(Records for this task begins)

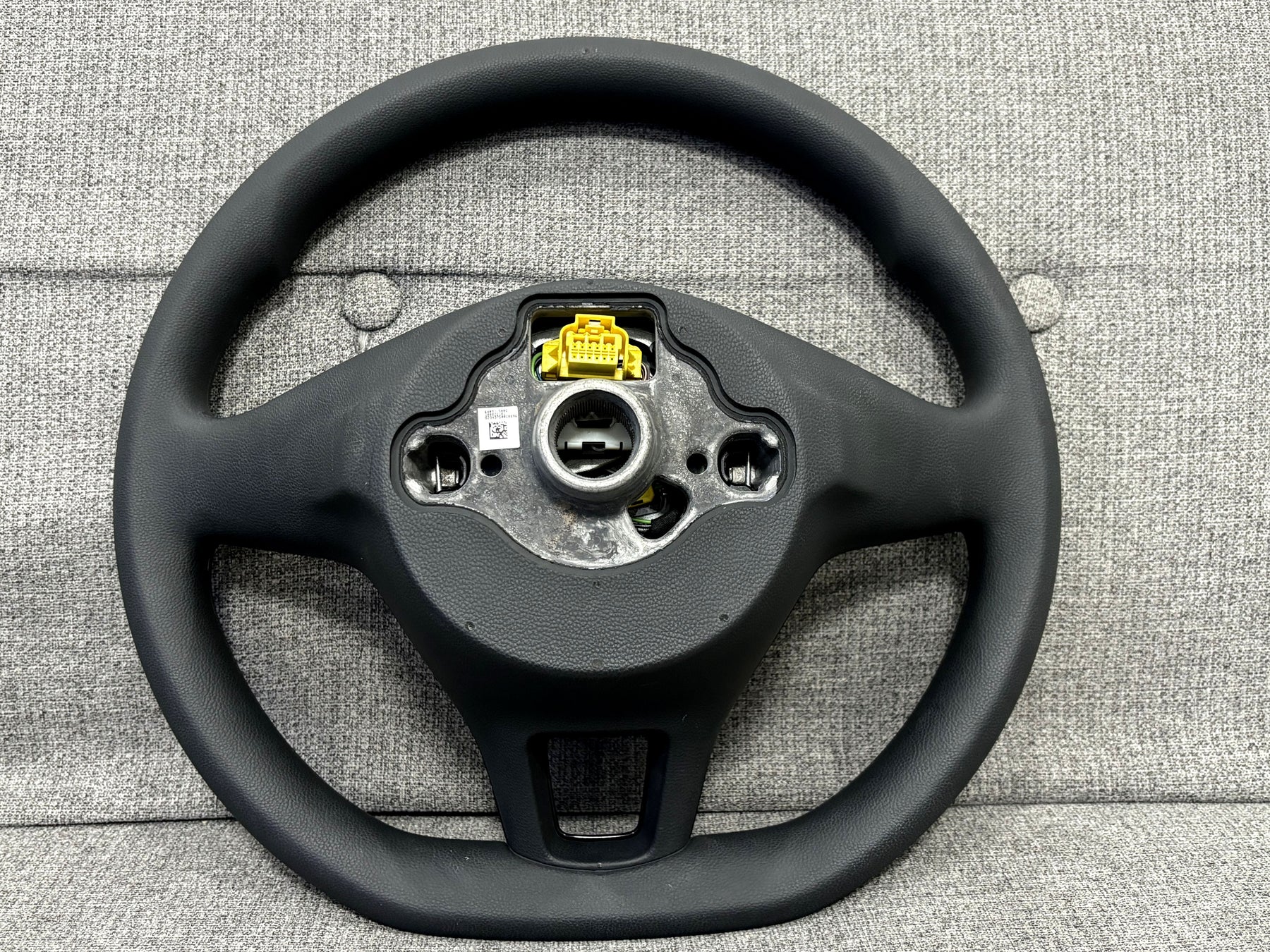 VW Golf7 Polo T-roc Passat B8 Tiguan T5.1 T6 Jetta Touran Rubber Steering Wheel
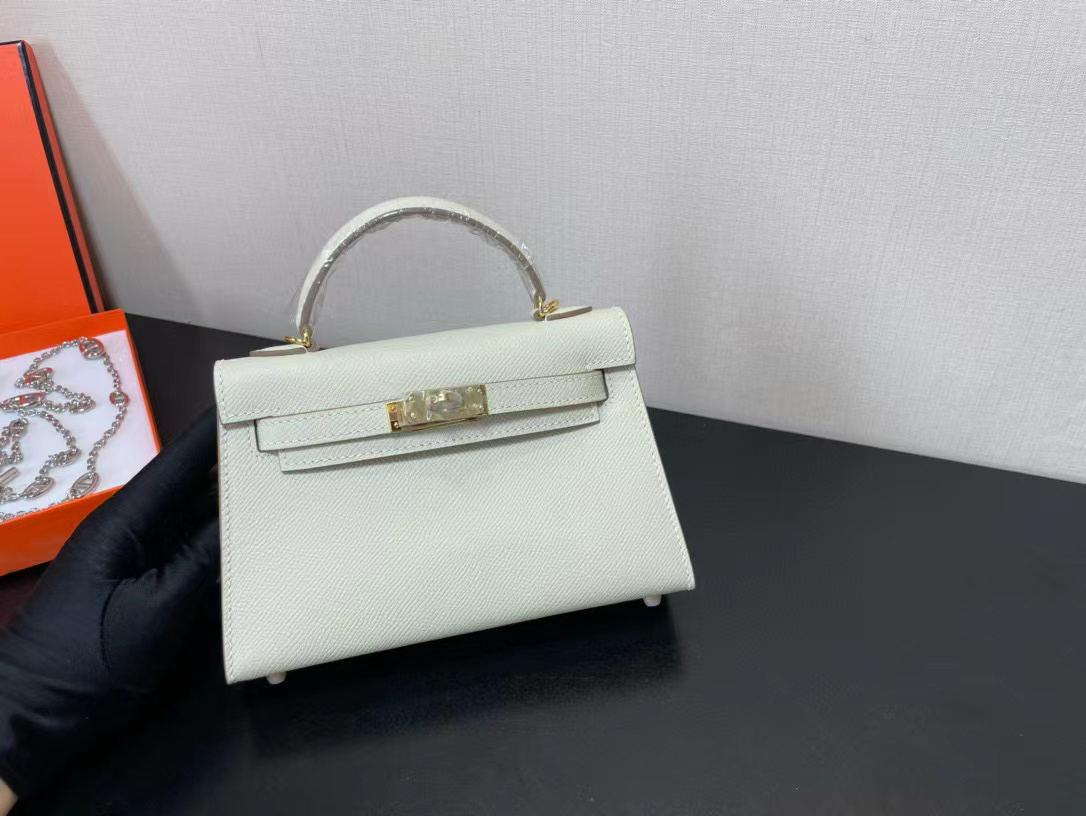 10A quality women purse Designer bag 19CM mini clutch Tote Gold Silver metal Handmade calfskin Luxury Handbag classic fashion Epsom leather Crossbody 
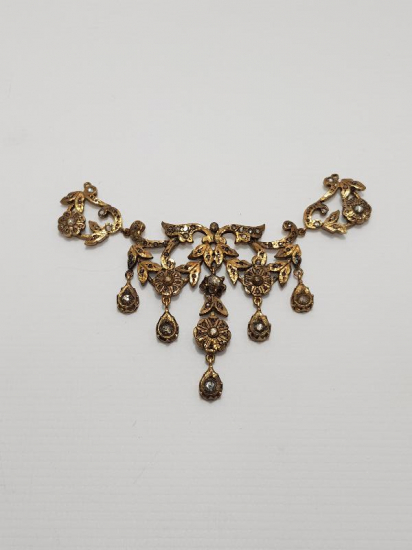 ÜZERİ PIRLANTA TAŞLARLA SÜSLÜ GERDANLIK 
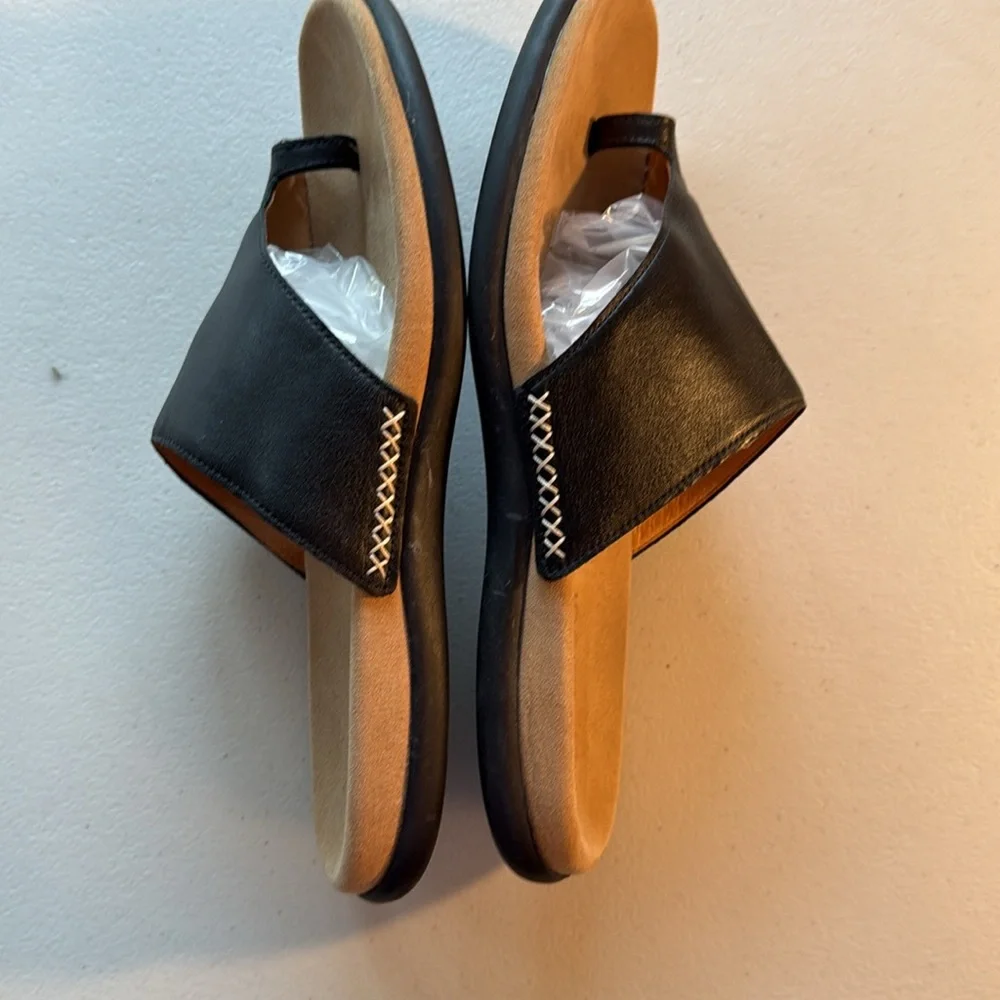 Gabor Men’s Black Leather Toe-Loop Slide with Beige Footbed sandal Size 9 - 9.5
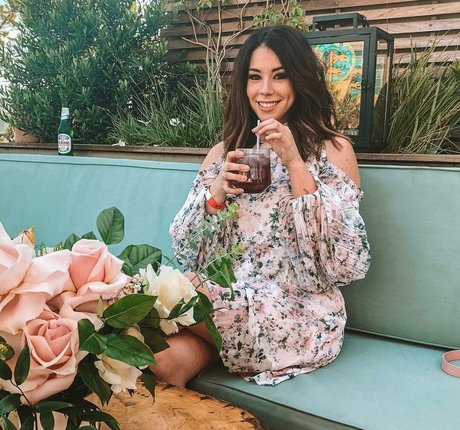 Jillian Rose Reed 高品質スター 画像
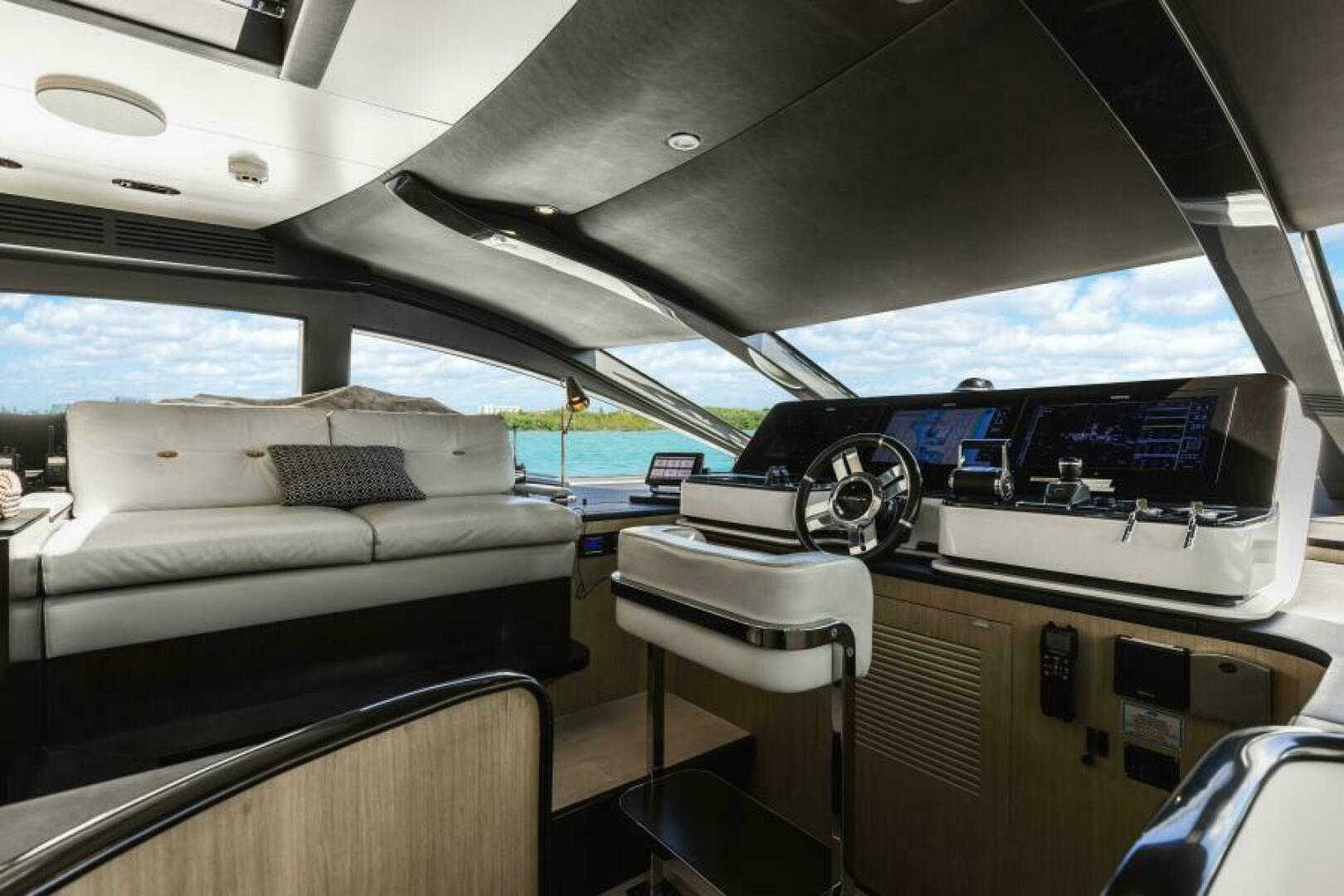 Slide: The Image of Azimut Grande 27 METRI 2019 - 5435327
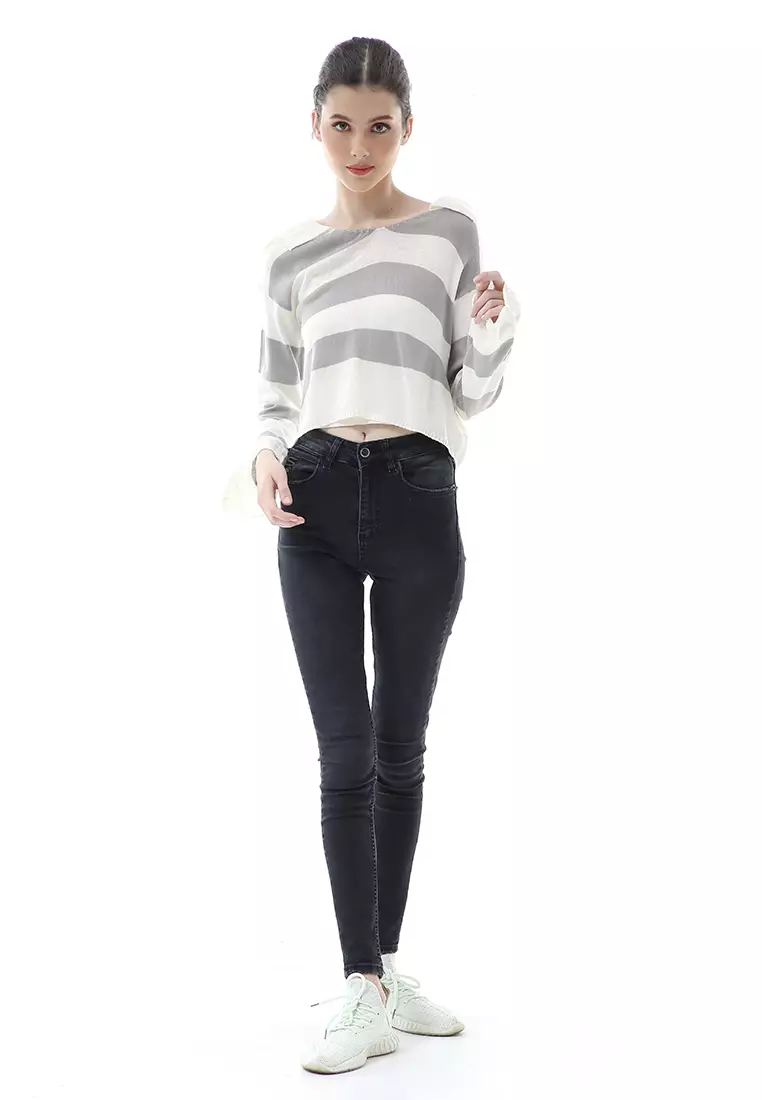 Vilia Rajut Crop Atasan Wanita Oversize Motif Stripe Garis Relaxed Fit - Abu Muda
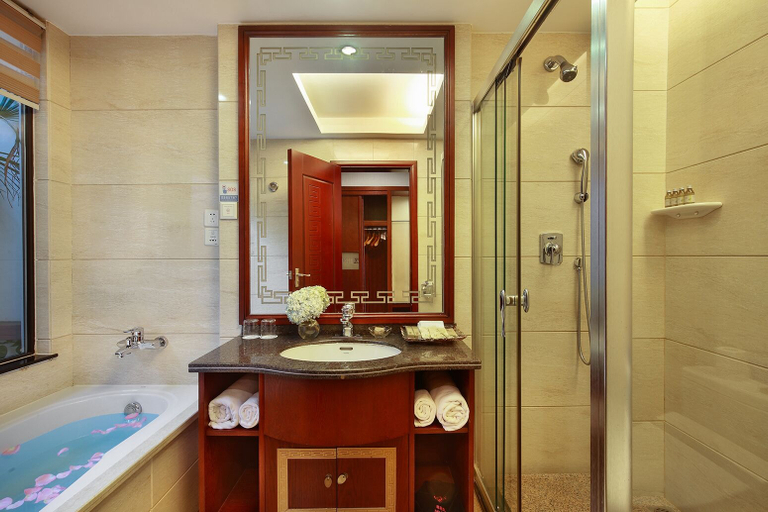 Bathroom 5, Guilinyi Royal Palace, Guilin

(Records for this task ends)

_What the task asks_:
Please write out, word for word, each line from the one with "Gabor Men’s Black" to the last line of the data, keeping both ends and omitting pictures.

_Response area_:
 Gabor Men’s Black Leather Toe-Loop Slide with Beige Footbed sandal Size 9 - 9.5
 Jillian Rose Reed 高品質スター 画像
 Slide: The Image of Azimut Grande 27 METRI 2019 - 5435327
 Vilia Rajut Crop Atasan Wanita Oversize Motif Stripe Garis Relaxed Fit - Abu Muda
 Bathroom 5, Guilinyi Royal Palace, Guilin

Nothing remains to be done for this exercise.